Jeder, der sich mit dem Verfassen von Texten beschäftigt, kennt das Phänomen. Es existiert eine Idee oder auch keine, aber irgend etwas hat dich dazu getrieben, dich an dein Schreibgerät zu setzen. Das ist, je nach Alter, Sozialisation oder Kultur, ganz unterschiedlich. Entweder es ist noch eine Schreibmaschine, am besten eine alte Triumph. Oder es ist ein Blatt Papier und ein Bleistift. Oder ein tablet, vielleicht mit einer externen Tastatur. Aber egal, was es ist, du sitzt dort alleine und hast ein Vorhaben. Das des Schreibens. Und los geht´s? Mitnichten.
Walter Benjamin hat es, ich glaube in seinem Buch Die Einbahnstraße, einmal so beschrieben, dass ich es nie vergessen habe. Wenn du am Schreibtisch sitzt, dann schreibe, auch wenn dir nichts einfällt. Das war klug, das war richtig klug. Denn natürlich wusste Benjamin, dass da etwas in unserer Unterstruktur ist, das arbeitet, auch wenn wir denken, der Kopf sei leer. Das mache ich auch gerade. Jetzt. Ich folge Benjamin und schreibe, ohne dass mir was einfiele. Es wird etwas werden, da bin ich mir sicher.

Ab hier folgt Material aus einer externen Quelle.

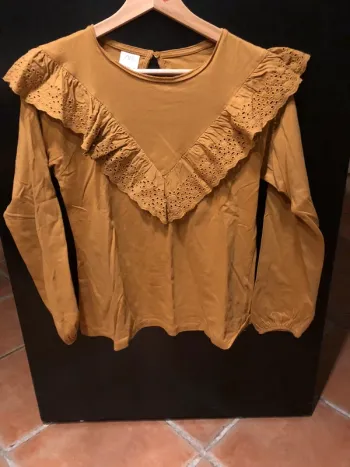 Tee-Shirt moutarde Zara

Andere kluge Köpfe machten es sich schwerer, sie sprachen vom Geheimnis des künstlerischen Schaffens. Aber keinem gelang der große Coup. Nur Walter Benjamin, der sich an den Pyrenäenausläufern, in Port Bou, ins Mittelmeer stürzte, weil er die Verfolgung durch die Gestapo nicht mehr aushielt, dieser großartige Intellektuelle, der Schöpfer der Figur des Flaneurs, des großen Assoziators in der Moderne, der durch die Pariser Passagen streunt und das Weltgeschehen anhand der vorgefundenen Versatzstücke neu komponiert, hat es erfasst. Und zwar mit der Klarheit und Unverfrorenheit einer Berliner Schnauze. Schreib einfach weiter, auch wenn dir nichts einfällt. Da staunste, wa? Auch die Schlauen saugen an einer Mutterbrust. Benjamins Sensorik stammte aus Berlin, dem jüdisch-bürgerlichen, dem unverwechselbaren, das es nicht mehr gibt.
Und dann bist du drin. Das Probieren ist der Beweis. Wenn die Sätze laufen, wunderst du dich, wie das geht. Ein perpetuum mobile der menschlichen Ideengebung. Bis der Sensenmann kommt und den Schalter umlegt. Doch das muss noch warten. Mach ihm einfach nicht auf. Du bist jetzt am Schreiben. Und wie. Schnell, immer schneller. Bis ein Schwebezustand erreicht ist, der alles mitbringt, was einen richtigen Rausch ausmacht. Die Schwebezustände des Schreibens sind unbändig. Sie vermitteln ein Gefühl, natürlich das des Schwebens, das alles beinhaltet, was das Außerkraftsetzen der Gravitation beinhaltet. Leichtigkeit, Grenzenlosigkeit, Sphäre. Tempo nicht unbedingt. Das ist eine Verwechslung. Wer meint, Tempo sei es, um das es ginge, der kann gleich Kokain nehmen. Das führt zur Beschleunigung, erzeugt aber nie das Erhabene des Schwebens. Und damit wäre auch schon die Lehre gezogen: Wer bereit ist, Risiken einzugehen, und das ist der Fall, wenn man einfach anfängt zu schreiben, der erreicht irgendwann einen Schwebezustand. Und der versetzt den Mutigen in den Zustand temporärer Erhabenheit. Die Rauschzustände, die das Schweben zuweilen mitbringt, entstammen der körpereigenen Chemie. Genial. Unbedingt versuchen. Wer die Angst überwunden hat, der muss sich nicht mehr fürchten!